Non-government organizations increasingly rely on independent evaluations to increase their accountability and adjust their operations. Organizations like The Life You Can Save, Giving What We Can and GiveWell curate annually-revised lists of recommended charities with demonstrated efficiency and effectiveness.
Most of us know that while we may work hard, there are external factors that help bring our efforts to fruition, and these external factors largely depend on where we live. Being born in an affluent nation greatly increases our chances to benefiting from good infrastructure, healthcare, access to education, and the availability of stable jobs.
For people born in a developing country, the chances that their hard work will pay off are greatly diminished. They may not be able to work due to an illness for which they can't afford the treatment, there may not be any work available, they may not have the education required for a job that pays a living wage – the list goes on. Mere daily survival is all-encompassing.
This means that people in developing countries are very often at an unfair disadvantage compared to others around the world. Children have no say over where they live or whether they receive an education. Struggling families may take their children out of school so they may contribute more immediately to the family income. This contributes to a cycle of poverty that traps people who may be extraordinarily smart and hard-working, yet beholden to circumstances over which they have no control.
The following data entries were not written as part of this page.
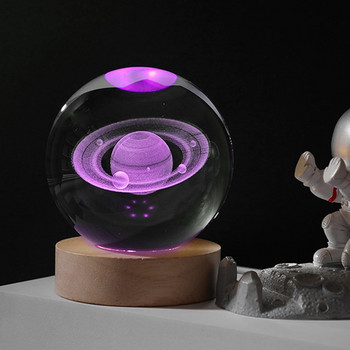 Креативна кристална топка Planet Globe 3D лазерно гравирана топка на слънчевата система Основа от масивно дърво Светеща кристална LED светлина Малък орнамент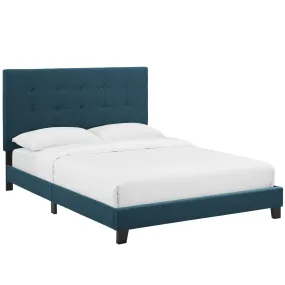 Melanie Tufted Button Upholstered Fabric Platform Bed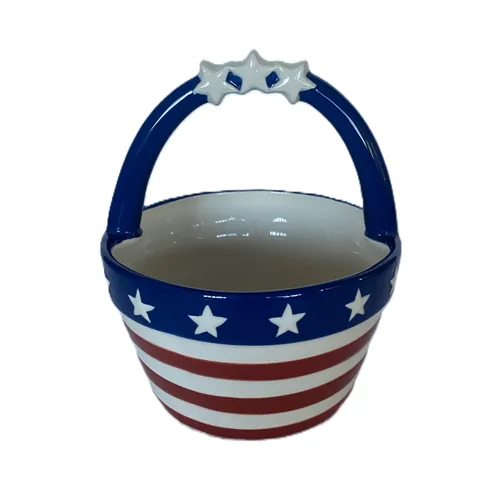 Red White and Blue Ceramic Flag Basket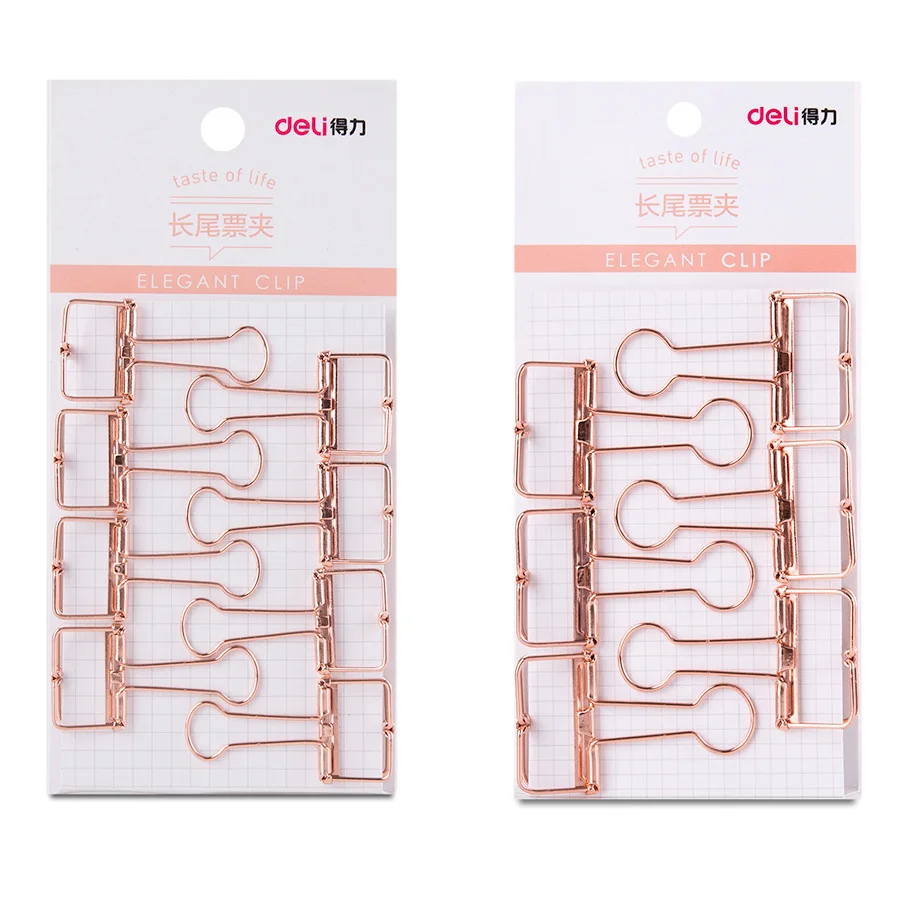 

Rose gold hollowed out design binder clip for office school paper organizer stationery supply decorative metal
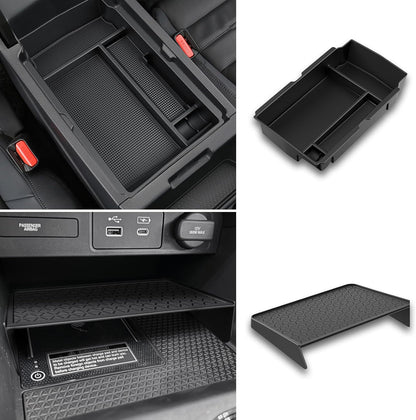 YPHUIKI 3PCS Center Console Organizer Compatible with Honda CRV 2023 2024 2025 2026 Accessories CR-V Hybrid Armrest Organizer Tray Hidden Storage Box ABS Material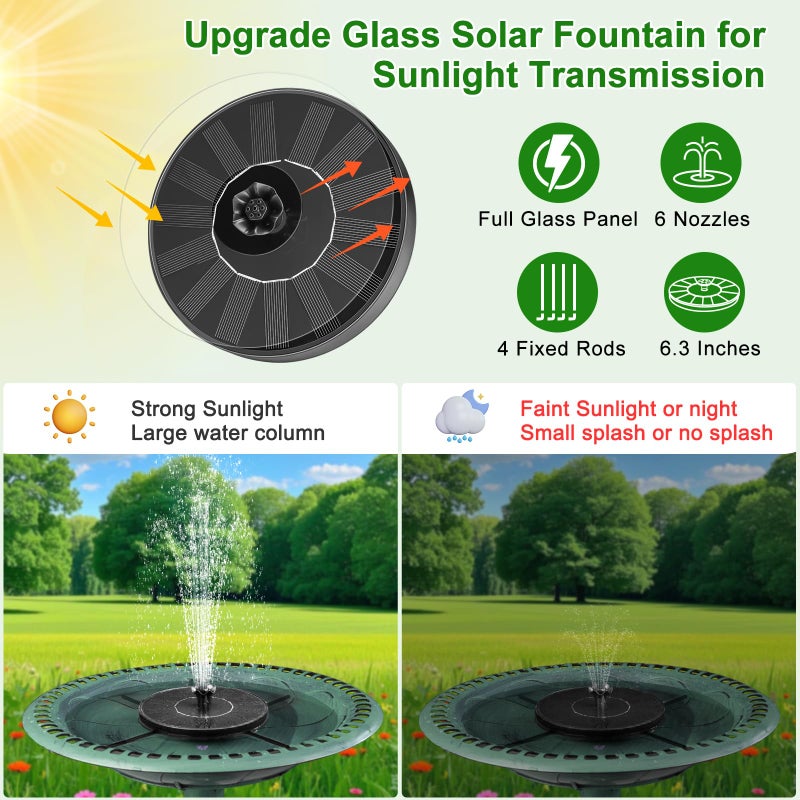 SEIRMEP Solar Fountain Pump with Spray Height Adjustment, Upgrade Glass Solar Bird Bath Fountains with 6 Nozzles, Outdoor Solar Water Fountain Pump for Bird Bath, Garden, Pool, Pond - Image 4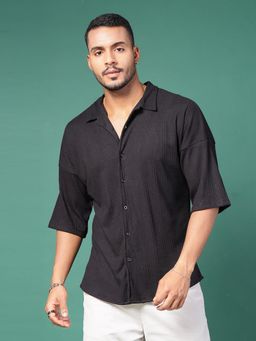 RIGO - Men Black Rib Solid Oversized Shirt
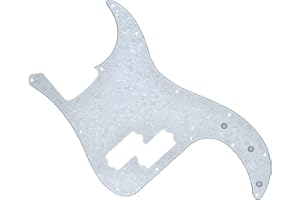 Dopro Golpeador de bajo de precisión de 13 agujeros PB P Bass Scratch Plate compatible con bajos de precisión FD de Estados Unidos/México, perla blanca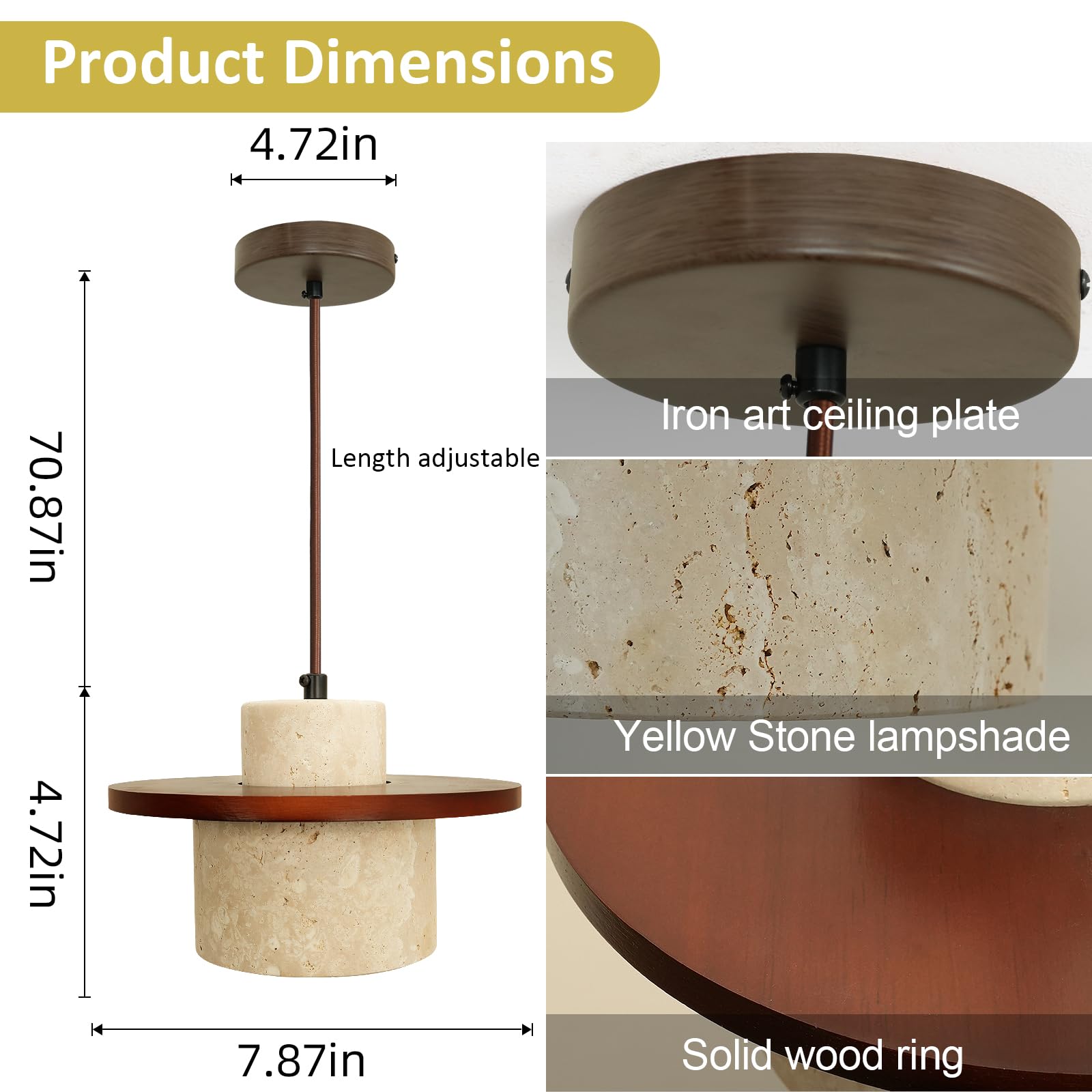 Nordic Pendant Light Natural Yellow Travertine Lamp Simple Wabi Sabi Lamp Suitable for Restaurant Bedside Kitchen Island Cafe Wood Pendant Light (Walnut Color) Generic Au supplements
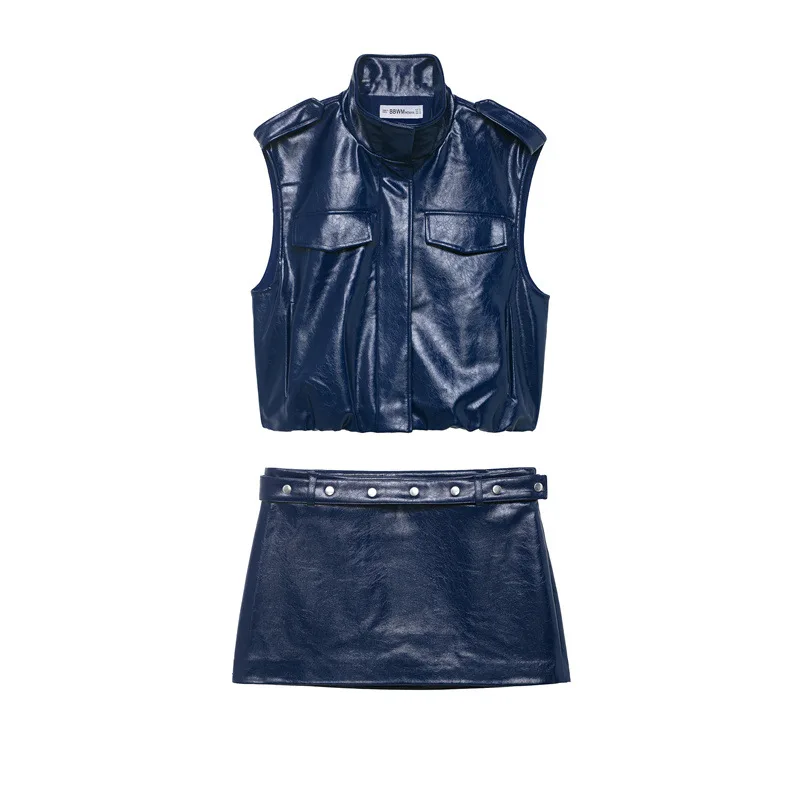 Spring New Women's Clothing Fashionable Sexy Strap Leather Vest Skirt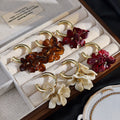 Red Ivory and Brown Flower Cluster Gold Hoop Earrings view 2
Giving to organizations which help people in extreme poverty is essentially a matter of fairness. The global North-South divide shows clearly that socio-economic trends are geographically correlated. Once we accept that varying circumstances lead to drastically uneven economic outcomes throughout the world, we must also recognize that we have an obligation to help those born into the cycle of poverty.
Have you ever felt compelled to help someone – a gut reaction as you witnessed a struggle and recognized that you were capable of support? Whether it is a person stumbling on the street or falling on hard times because of illness, whether it is someone close to us or a complete stranger – our first impulse is to help.
Most of us will also be familiar with how it feels to fight against our impulse to help. We might resist giving money to a beggar, not wanting to exacerbate the situation should the person spend it on drugs or alcohol. We also know the guilty feeling after we decide not to help someone who is clearly in need.
On a global scale, the need is more extreme and more complex. With thousands of charities worldwide to choose from, it can be difficult to know where your money will be best invested. The best way to avoid the potential pitfalls of aid is to consult the research of the organizations committed to strategically pinpointing the most effective charities on earth. These organizations include The Life You Can Save, Giving What We Can and GiveWell.
Your gift to an organization with a qualified non-profit status might entitle you to a tax break (the status of an organization may vary from country to country, with some organizations represented in many countries globally). Charities will usually send you a receipt for your donations at the end of the financial year (others do this for every single contribution), so keep an eye out for them and sort them with your other tax documents. In some countries such as the United States, you need to itemize your deductions in order to receive a tax break.
These tax savings in effect reduce the cost of your donation. For example, an individual in the 15% tax bracket who donates $100 to a registered non-profit receives $15 in tax savings. An individual in the 35% tax bracket receives $35 in tax savings on the same $100 donation.